* [Problem statement] Leave the pictures out and return every line below exactly.

******************************

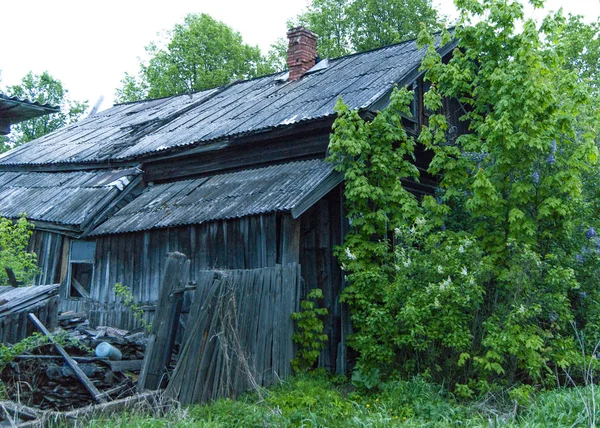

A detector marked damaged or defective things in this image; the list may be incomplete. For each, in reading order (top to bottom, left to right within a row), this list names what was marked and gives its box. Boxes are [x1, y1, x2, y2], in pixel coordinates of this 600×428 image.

broken roof shingle [0, 34, 452, 167]
broken roof shingle [0, 168, 142, 229]
broken roof shingle [89, 159, 342, 236]
broken window [68, 241, 95, 298]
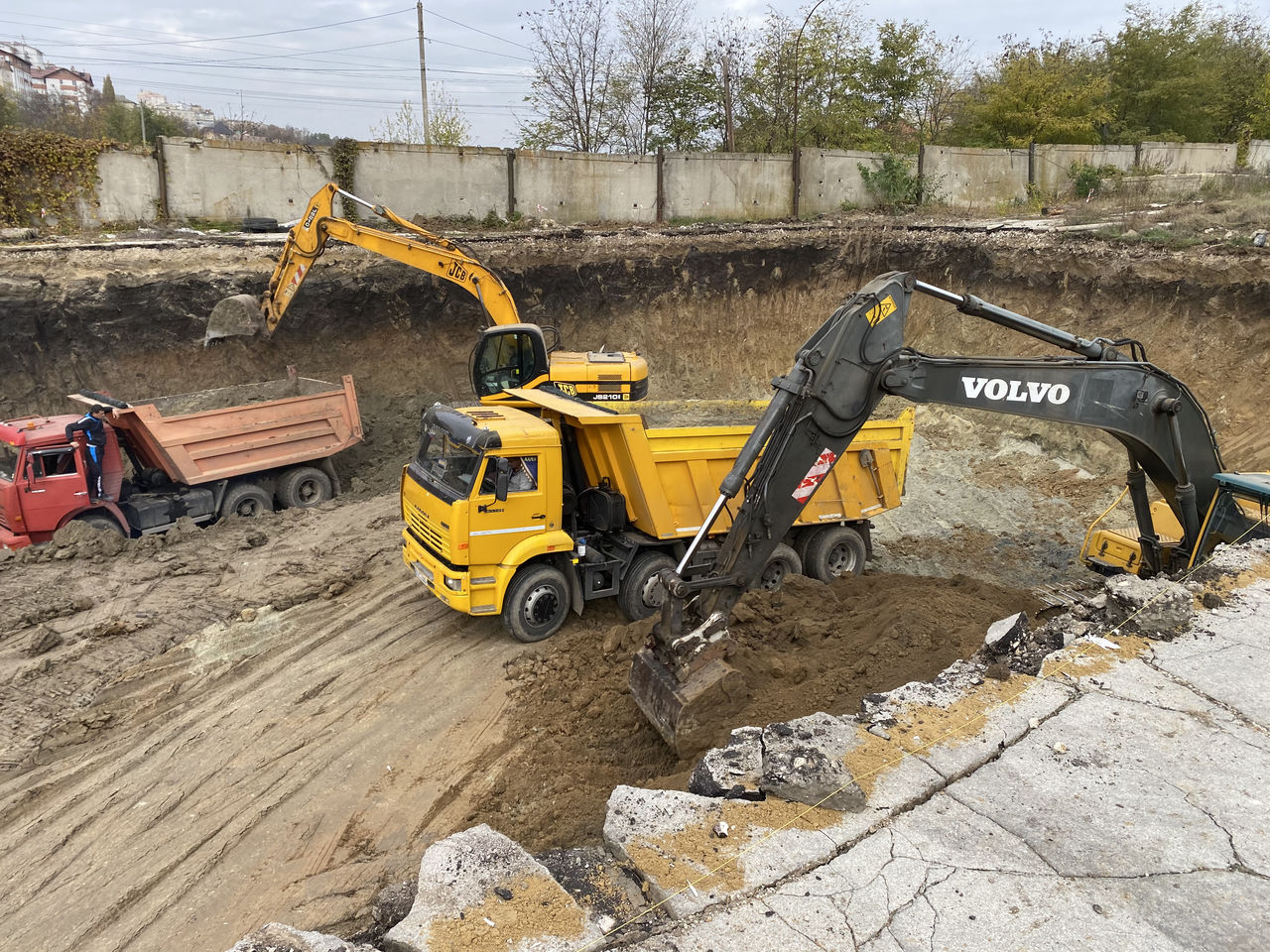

******************************

* [Task output]
A detector marked damaged or defective things in this image; the list may be incomplete. For each, in reading order (top to bottom, left to right within a row), this list names what was marked and gives its box. Boxes are [x1, y1, x2, y2], in pixel coordinates of this 600×428 image.

broken roof shingle [0, 34, 452, 167]
broken roof shingle [0, 168, 142, 229]
broken roof shingle [89, 159, 342, 236]
broken window [68, 241, 95, 298]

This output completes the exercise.